Assignment:
Print the records below exactly, from the line containing "Apartments Villa Lili" down to the line containing "Holyoke, MA 01040", both lines included, and omit every picture.

Records provided:
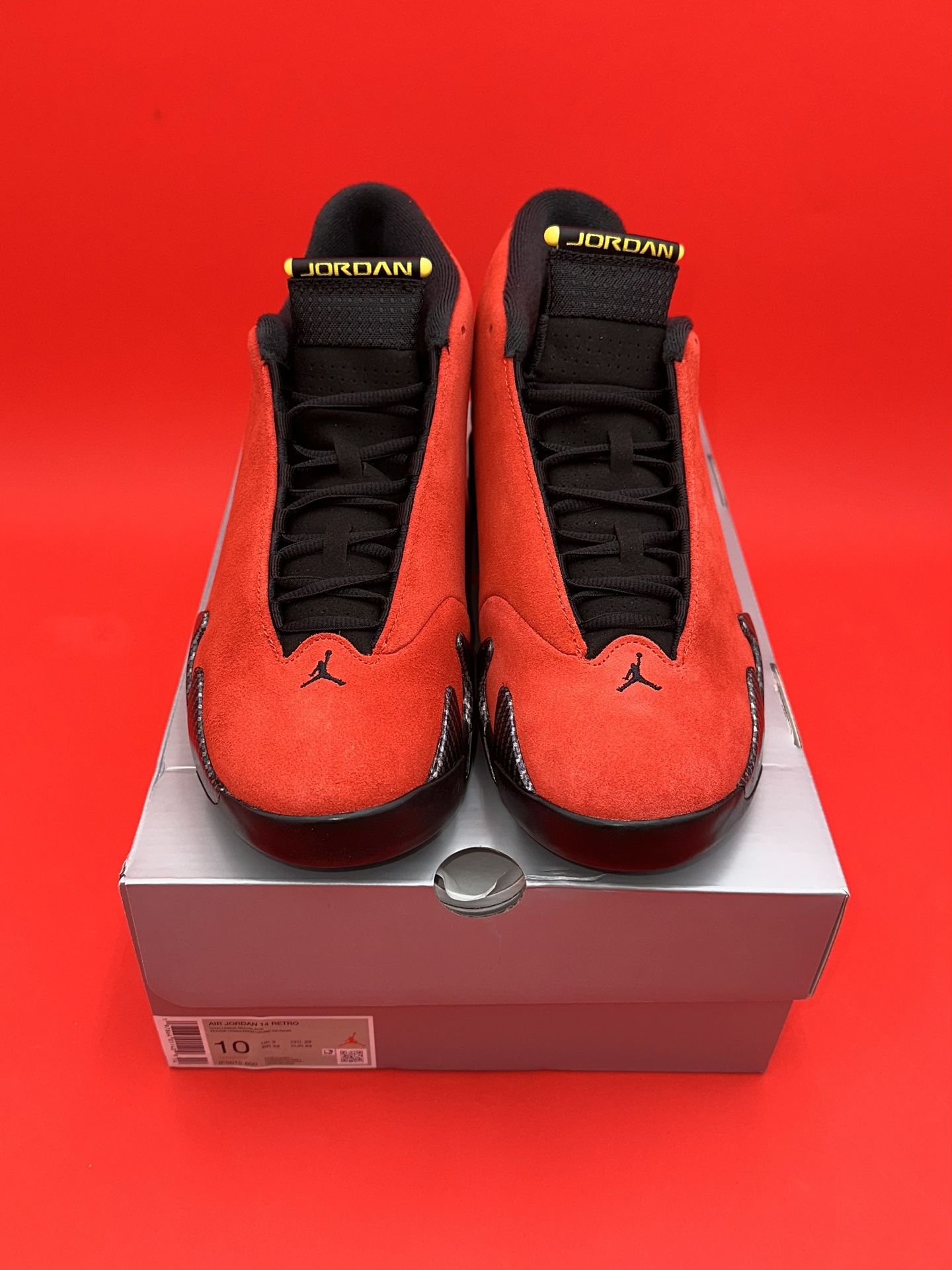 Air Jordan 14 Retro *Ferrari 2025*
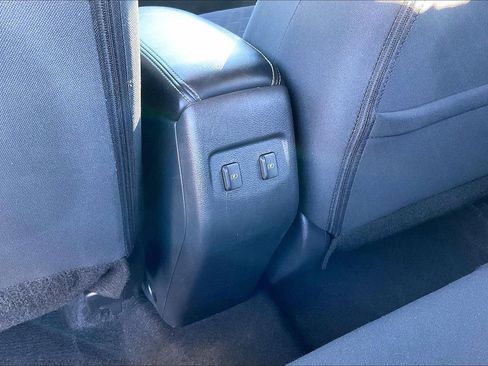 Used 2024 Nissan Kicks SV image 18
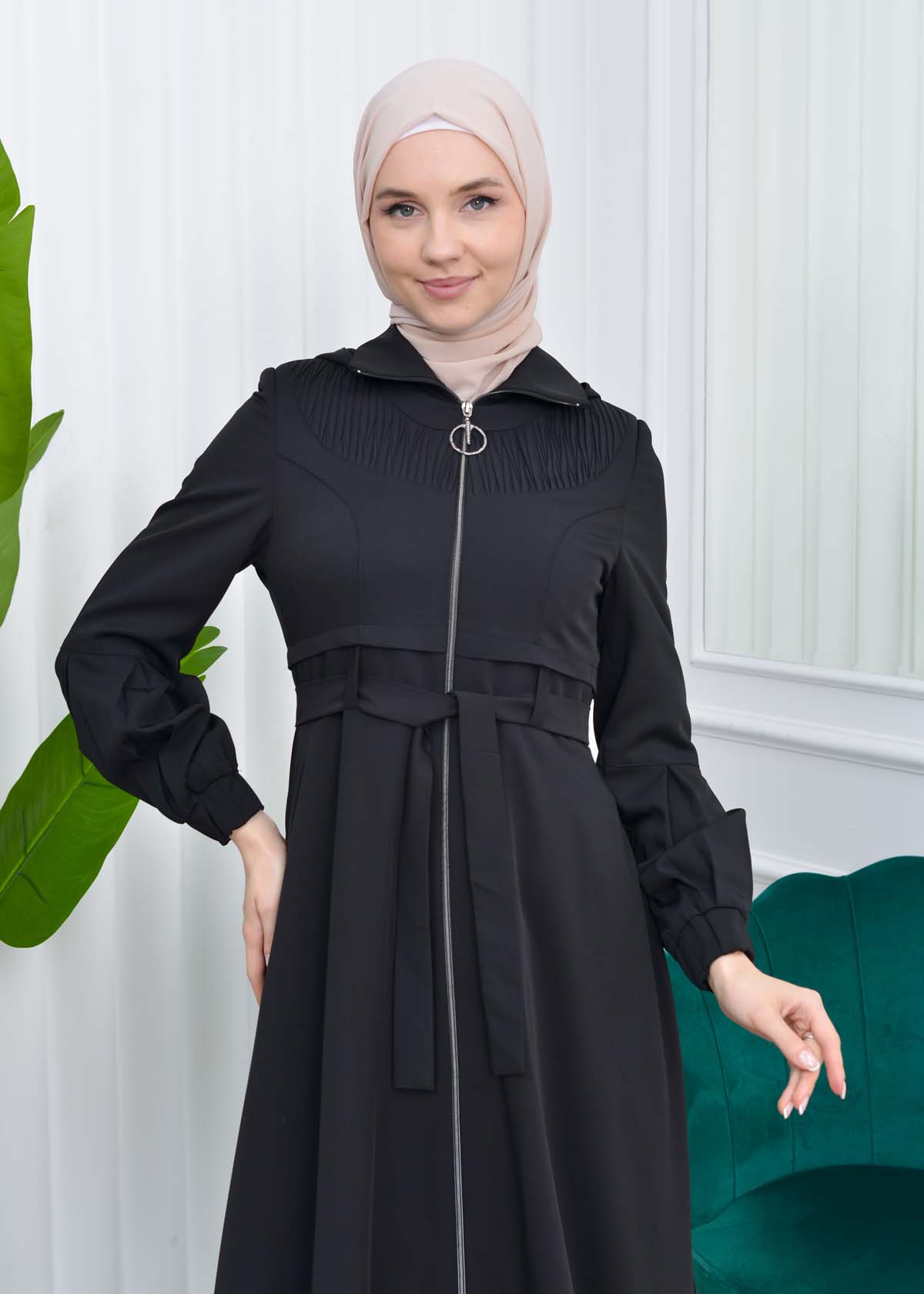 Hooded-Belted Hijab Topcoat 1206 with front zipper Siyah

==

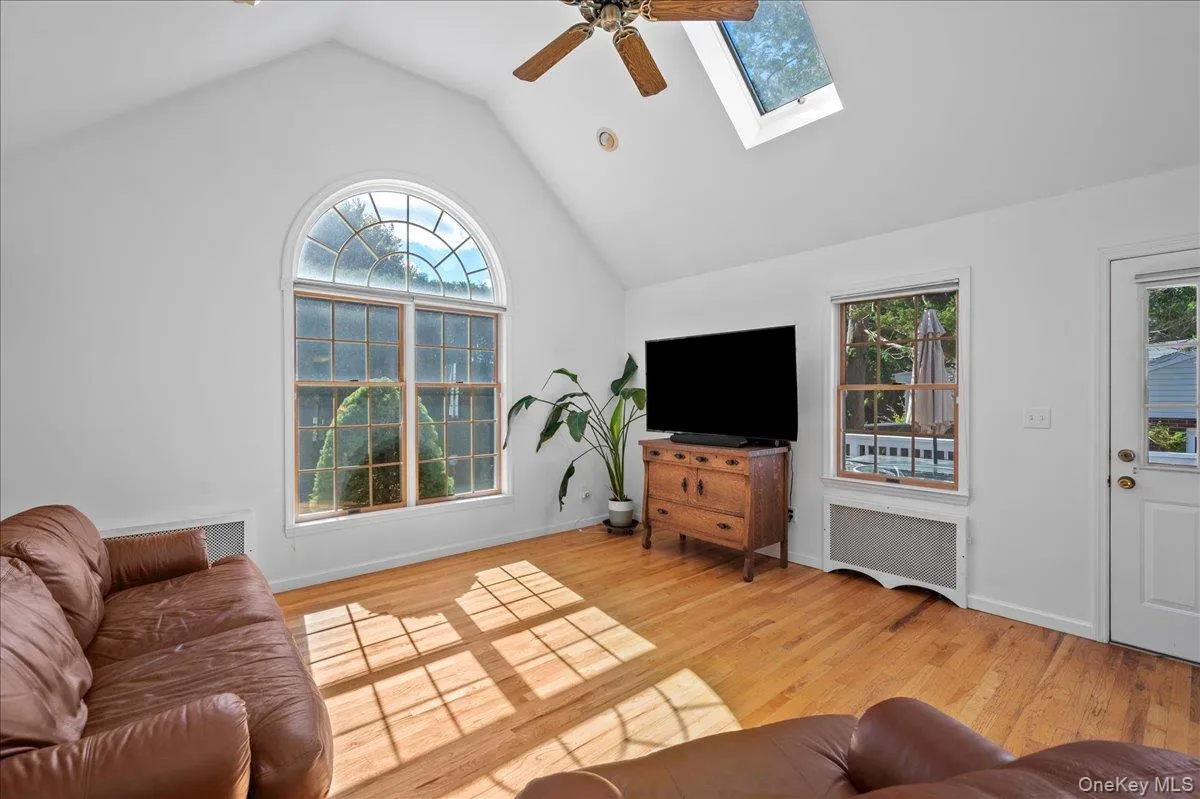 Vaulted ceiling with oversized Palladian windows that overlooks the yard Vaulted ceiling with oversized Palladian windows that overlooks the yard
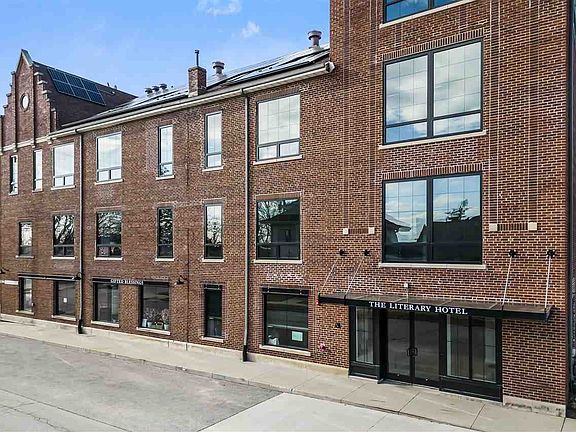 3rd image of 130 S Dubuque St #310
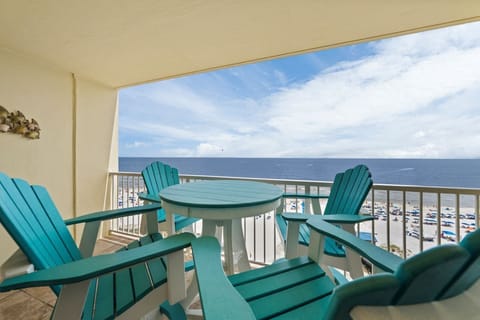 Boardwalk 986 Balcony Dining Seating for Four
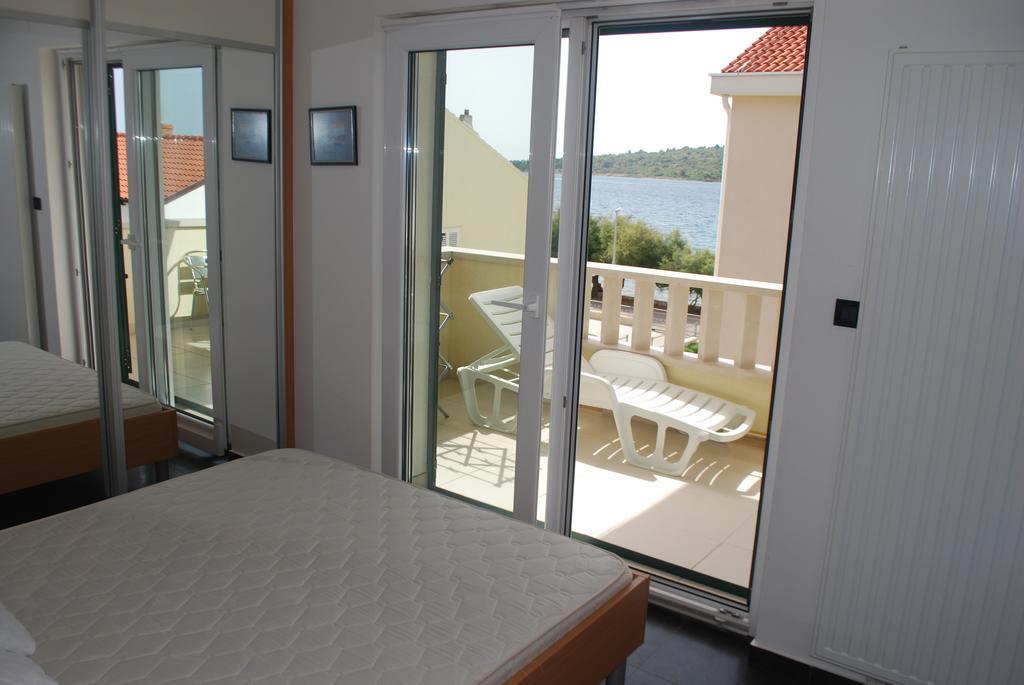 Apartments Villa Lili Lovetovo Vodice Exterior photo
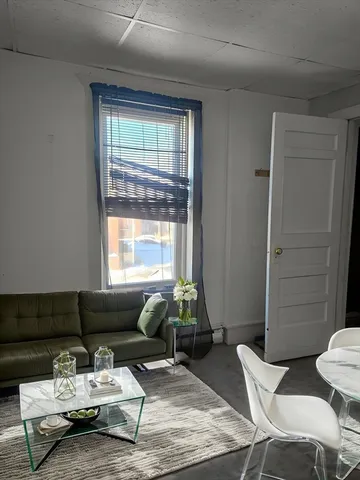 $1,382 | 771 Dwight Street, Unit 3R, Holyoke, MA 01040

Completed task:
 Apartments Villa Lili Lovetovo Vodice Exterior photo
 $1,382 | 771 Dwight Street, Unit 3R, Holyoke, MA 01040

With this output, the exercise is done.